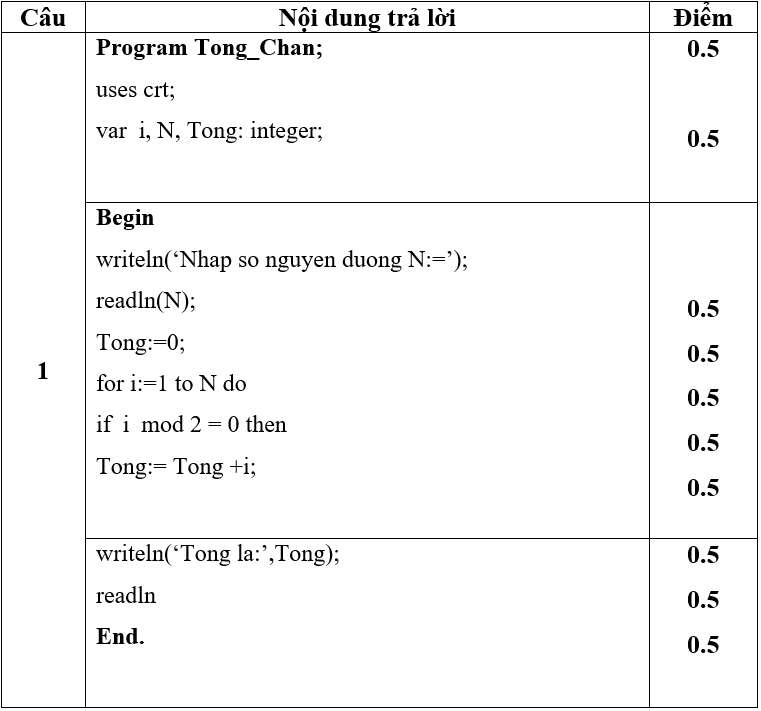 Đề thi Giữa kì 2 Tin học lớp 8 có đáp án (Đề 1)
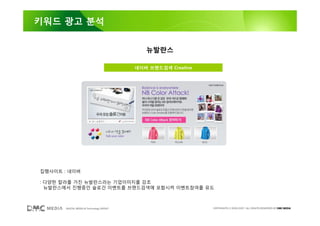 키워드 광고 분석


                                             뉴발란스

                                          네이버 브랜드검색 Creative




집행사이트 : 네이버

: 다양한 칼라를 가진 뉴발란스라는 기업이미지를 강조
  뉴발란스에서 진행중인 슬로건 이벤트를 브랜드검색에 포함시켜 이벤트참여를 유도



       DIGITAL MEDIA & Technology GROUP                        COPYRIGHTS © 2002-2007. ALL RIGHTS RESERVED BY DMC MEDIA
 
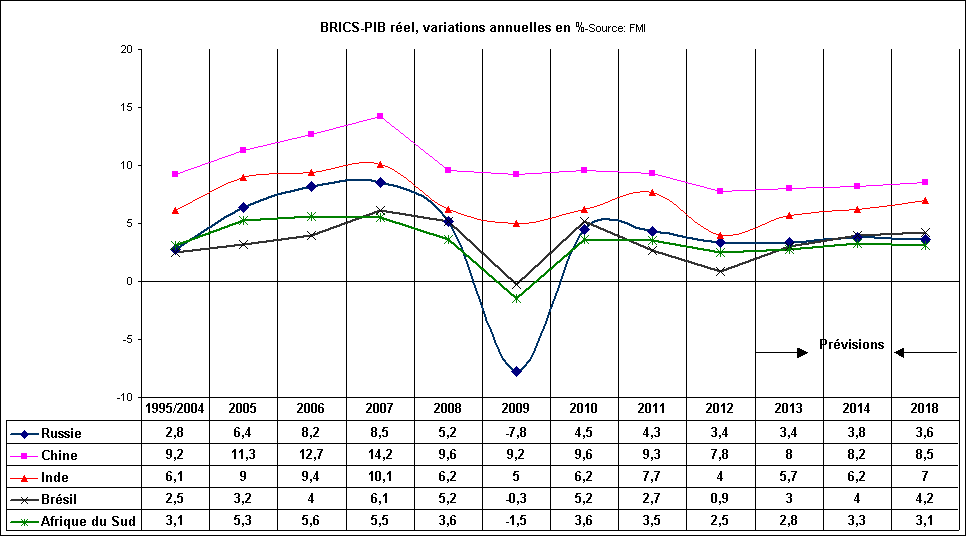 Rechstat-statistiques-conomie-graphique statistique: BRICS-volution du PIB 2004  2018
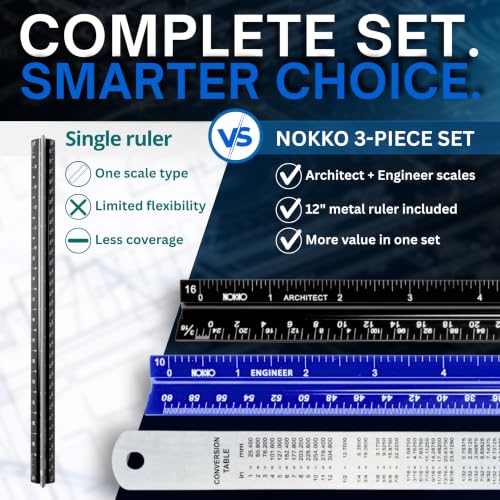 Architectural Scale Ruler and Engineering Scale Ruler Set, 12-Inch, 3-Piece - color: Black Architect / Blue Engineer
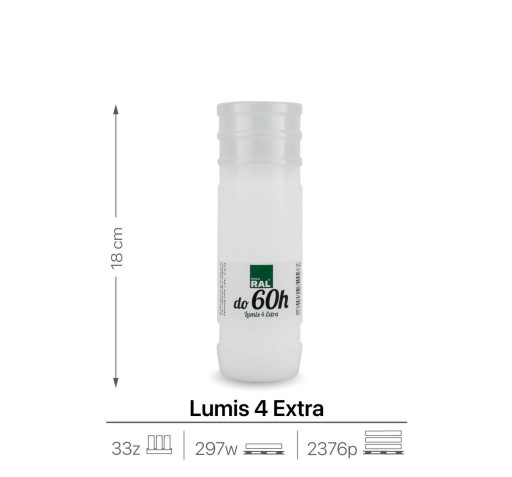 Vložka na sviečky 18 cm do 60 h Lumis 4 Extra
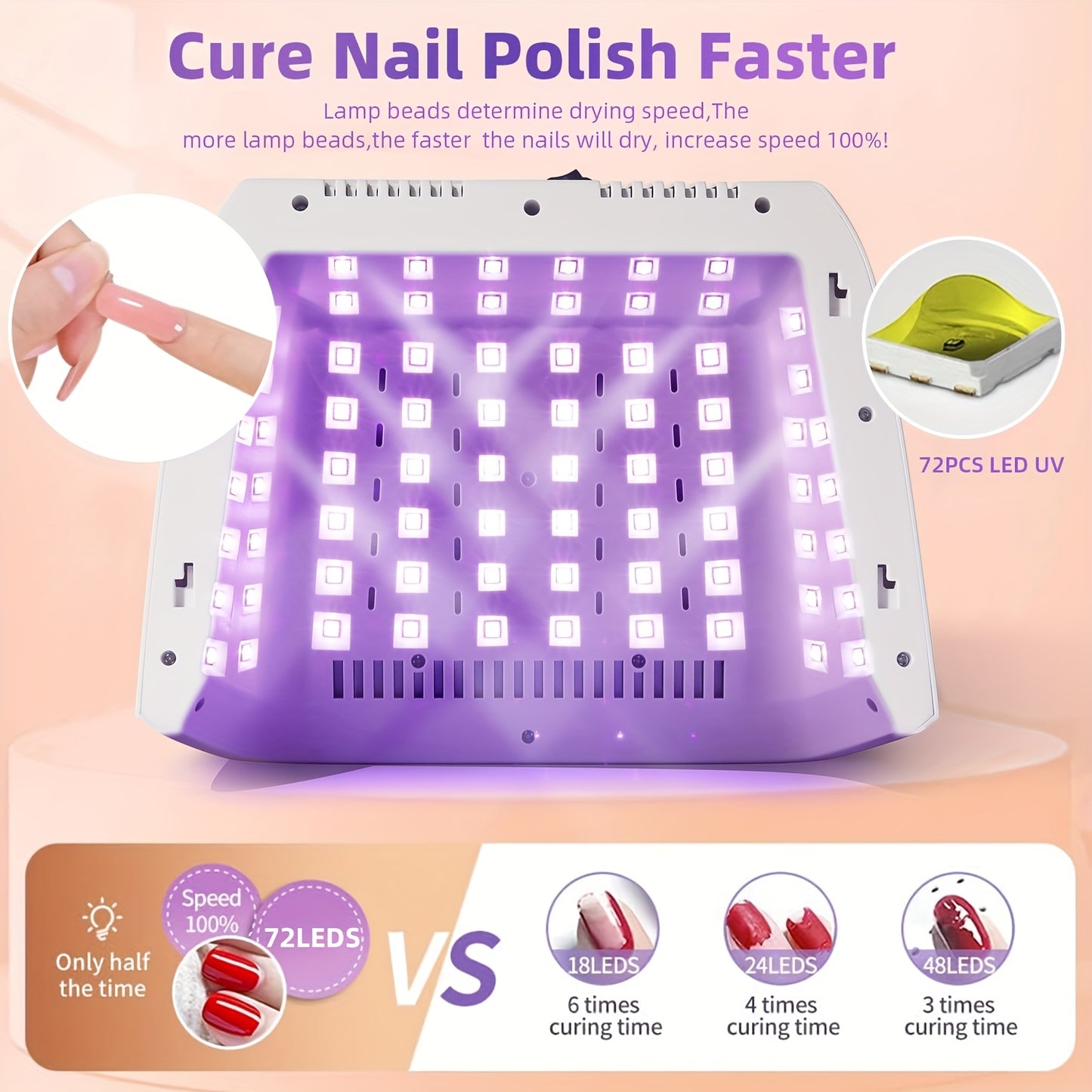 Professional LED Nail Lamp with Timers for Quick Curing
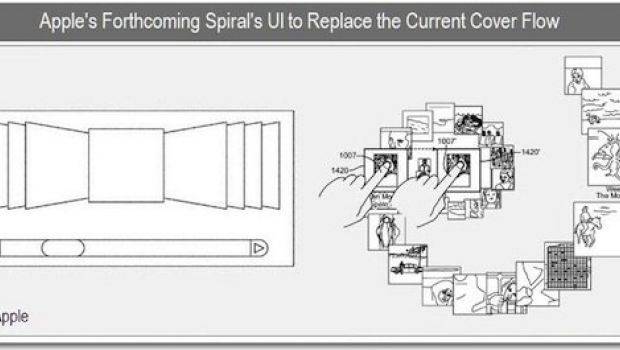 Brevetti: Cover Flow diventa a spirale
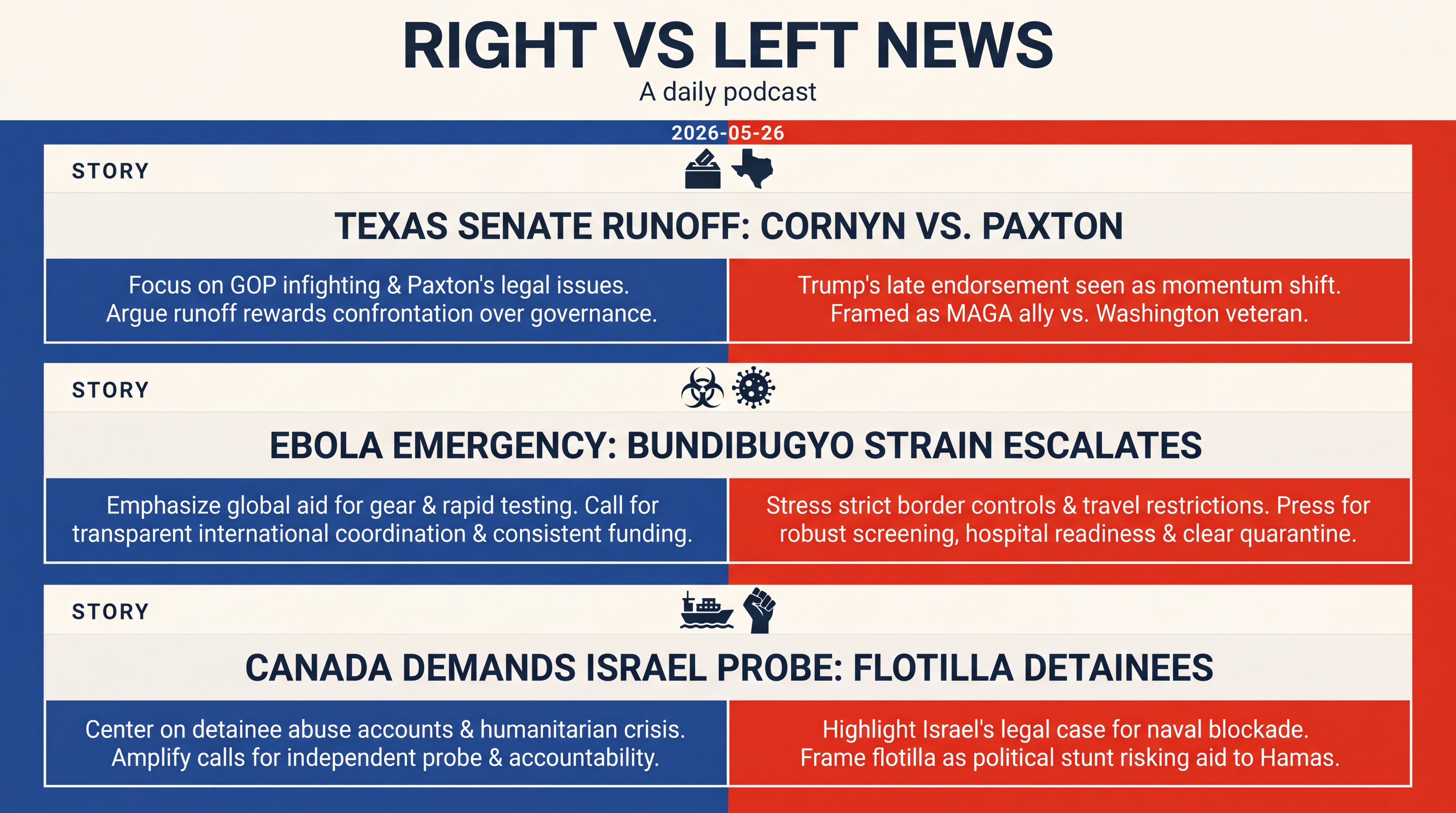 Infographic for Texas Showdown, Ebola Watch, Tesla Under Fire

━━━━━━━━━━━━━━━━

▶ **Exercise prompt**: Without the pictures, reproduce each line from the one containing "Brevetti: Cover Flow diventa a spirale" through the last line of the material above, both of those lines included.

▶ **Answer space**:
 Brevetti: Cover Flow diventa a spirale
 Infographic for Texas Showdown, Ebola Watch, Tesla Under Fire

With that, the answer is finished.